TASK PROMPT:
An exact transcription of the lines below, from the first through the one containing "Linenspa Lesekissen mit", is the only output wanted.

INPUT DATA:
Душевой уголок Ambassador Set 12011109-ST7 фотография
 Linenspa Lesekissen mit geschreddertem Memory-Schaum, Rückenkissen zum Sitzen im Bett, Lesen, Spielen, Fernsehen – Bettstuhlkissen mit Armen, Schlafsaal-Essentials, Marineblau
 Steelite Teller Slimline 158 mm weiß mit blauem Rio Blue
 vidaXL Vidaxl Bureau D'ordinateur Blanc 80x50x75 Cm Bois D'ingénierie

SOLUTION:
Душевой уголок Ambassador Set 12011109-ST7 фотография
 Linenspa Lesekissen mit geschreddertem Memory-Schaum, Rückenkissen zum Sitzen im Bett, Lesen, Spielen, Fernsehen – Bettstuhlkissen mit Armen, Schlafsaal-Essentials, Marineblau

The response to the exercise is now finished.